Breathe: 5 seconds in, 5 seconds out through your nose. Feel your belly rise and fall under your hands.
Notice the contact points: the back of your head, your shoulder blades, your sacrum, your feet. Just notice them. Don't try to change anything.
Your psoas — the deep hip flexor that connects your spine to your legs — shortens when you sit and tightens under stress. This position shortens its attachment distance, allowing it to release without you having to do anything. Your diaphragm moves with each breath, pumping lymph through the thoracic duct.
Pelvic Tilts (1 min)
From the same position, tilt your pelvis so your low back presses gently toward the floor. Then tilt forward so your low back lifts slightly, creating a small arch. Inhale: small arch. Exhale: press low back toward floor. Small movements. Your neck and shoulders stay soft.
Supine Twist — Bent Knees (1 min per side)
Let both knees fall to the right. Keep both shoulders on the floor. Turn your head left if that's comfortable, or keep it neutral. Breathe into your left ribs. After a minute, return to center and repeat to the left.
Spinal rotation after sleep hydrates your intervertebral discs. They absorb fluid when unloaded and moving.
Supine Hamstring Sweep (30 sec per leg)
Extend your right leg toward the ceiling, foot flexed. Hold behind your thigh, not your knee — use a strap, belt, or towel around your foot if you can't reach. Keep your left foot on the floor. Gently rock the raised leg side to side in a small arc — don't hold it still. Switch legs after 30 seconds.

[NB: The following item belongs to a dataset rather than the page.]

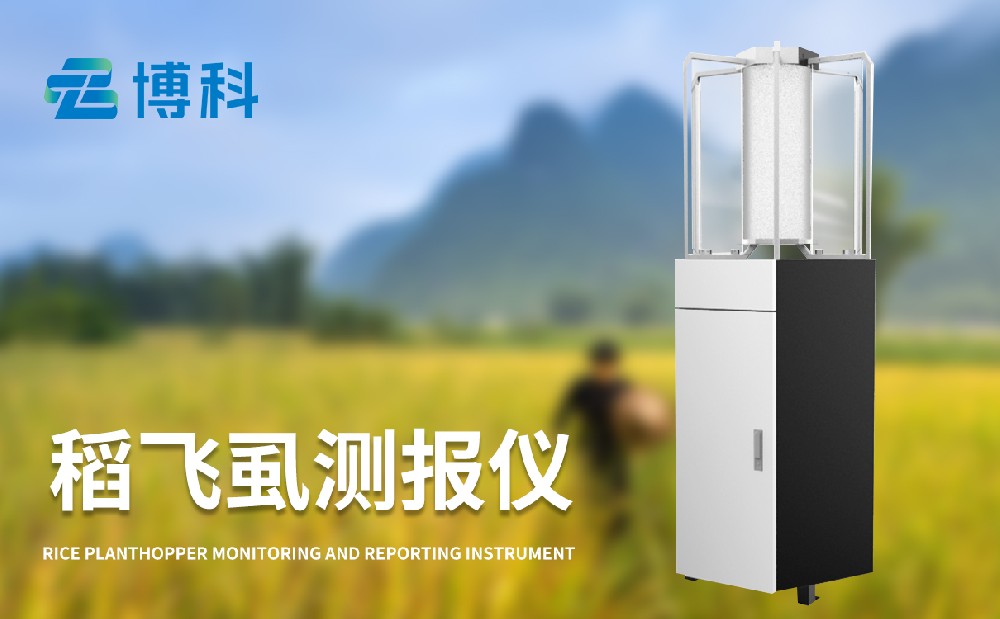 稻飛虱在線測(cè)報(bào)儀的使用提升水稻蟲(chóng)害治理能力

Dynamic movement signals safety to your stretch reflex. Static stretching can trigger protective tightening. The rocking prevents that.
Part 2: All-Fours (5 min)
If your wrists hurt in this position, make fists and rest on your knuckles, or place a folded blanket under your palms to reduce the wrist angle.
Cat-Cow (2 min)
Come to hands and knees. Hands under shoulders, knees under hips.

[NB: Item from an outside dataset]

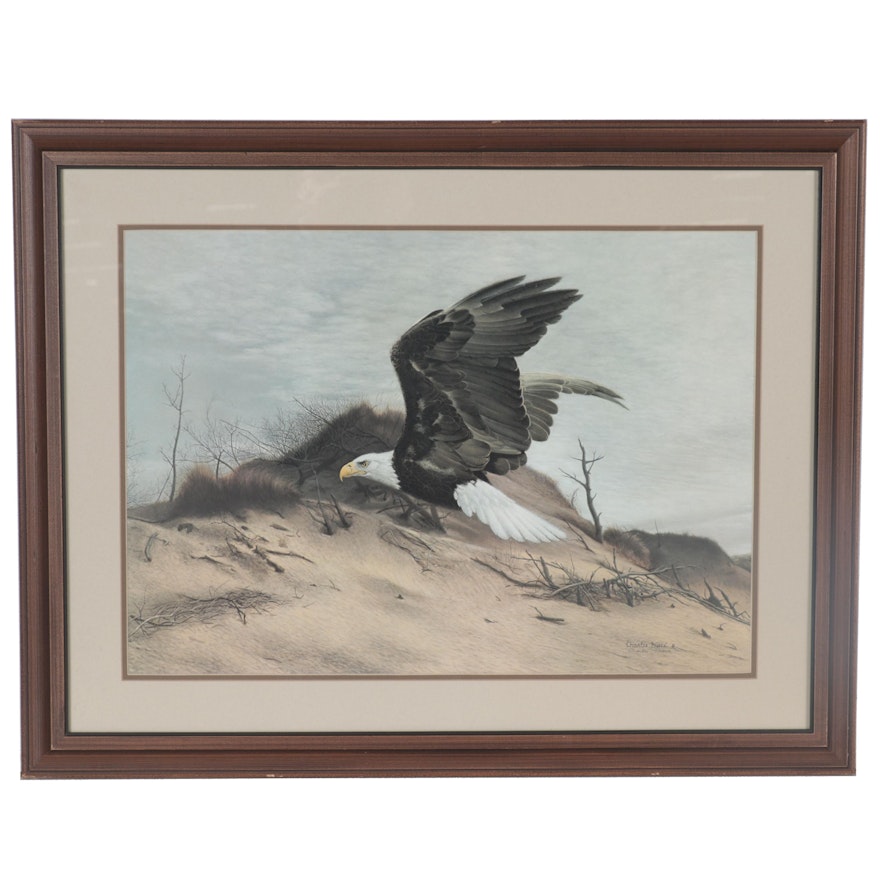 Charles Fracé Offset Lithograph "American Eagle at Walking Dunes"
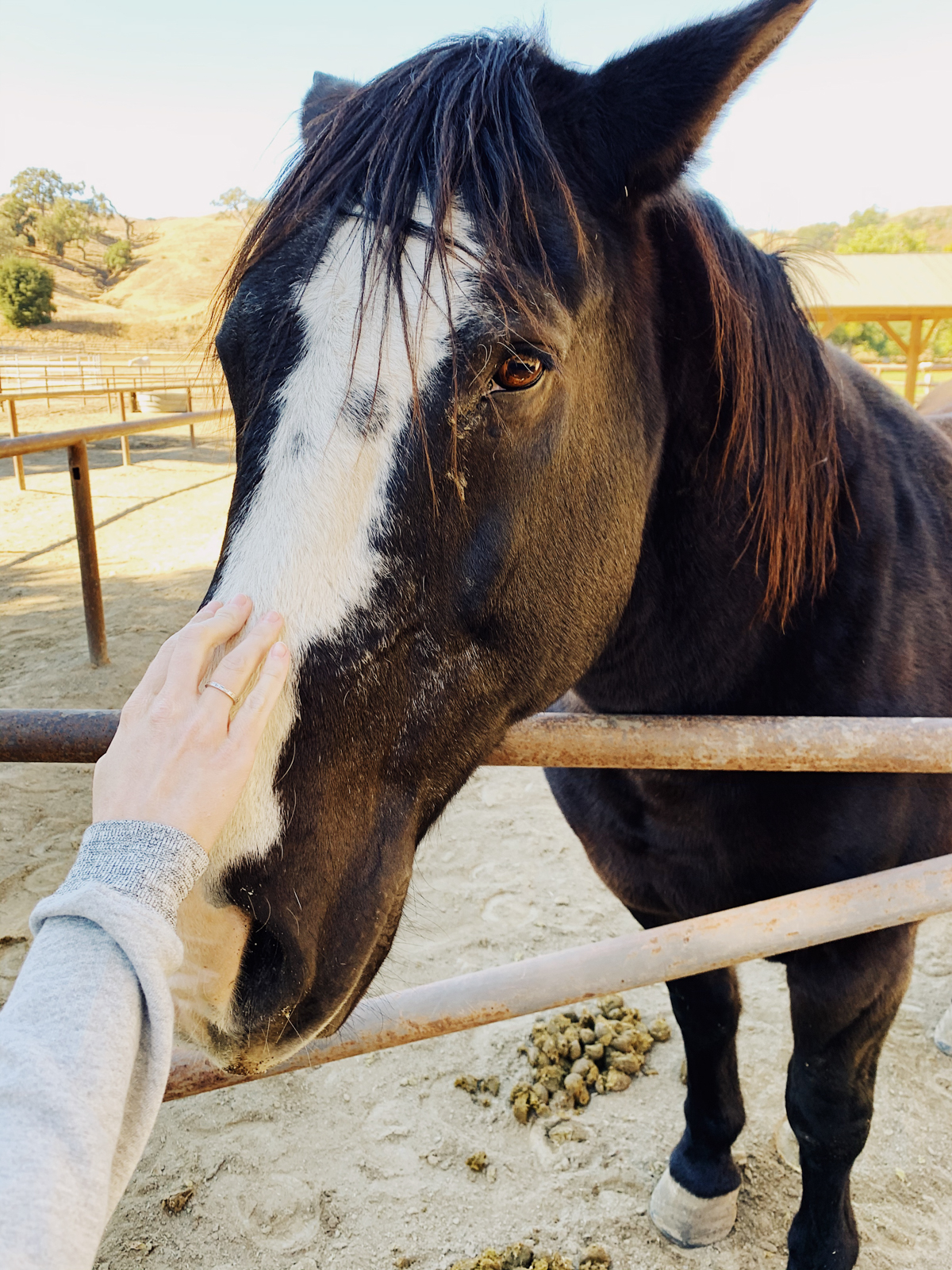 Kids barnyard at Alisal Guest Ranch and Resort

Inhale: drop your belly, lift your chest and tailbone, look forward. Exhale: round your spine, tuck your chin and tailbone, press the floor away.
Move at breath pace. No pause between positions. After a minute of full spine, try moving only your upper back for a few cycles, then only your lower back.
Thread the Needle (1 min per side)
Slide your right arm under your left arm, palm up. Let your right shoulder and the side of your head rest on the floor. Hips stay high. Breathe into your right ribs and armpit. Switch sides after a minute.
Hip Circles (1 min)
Lift your right knee off the floor. Make small circles outward and inward with the knee. Keep your pelvis still — the movement comes from your hip joint. Switch legs after 30 seconds.
Part 3: Standing (5 min)
Slow Roll to Standing (1 min)
From all-fours, walk your hands back toward your knees until you're in a squat or halfway squat. If squatting is uncomfortable, stay higher — hands on thighs for support. Slowly roll up one vertebra at a time, like stacking blocks: low back, mid back, upper back, neck, head comes up last. Take your time — this is the most neurologically complex thing in the sequence.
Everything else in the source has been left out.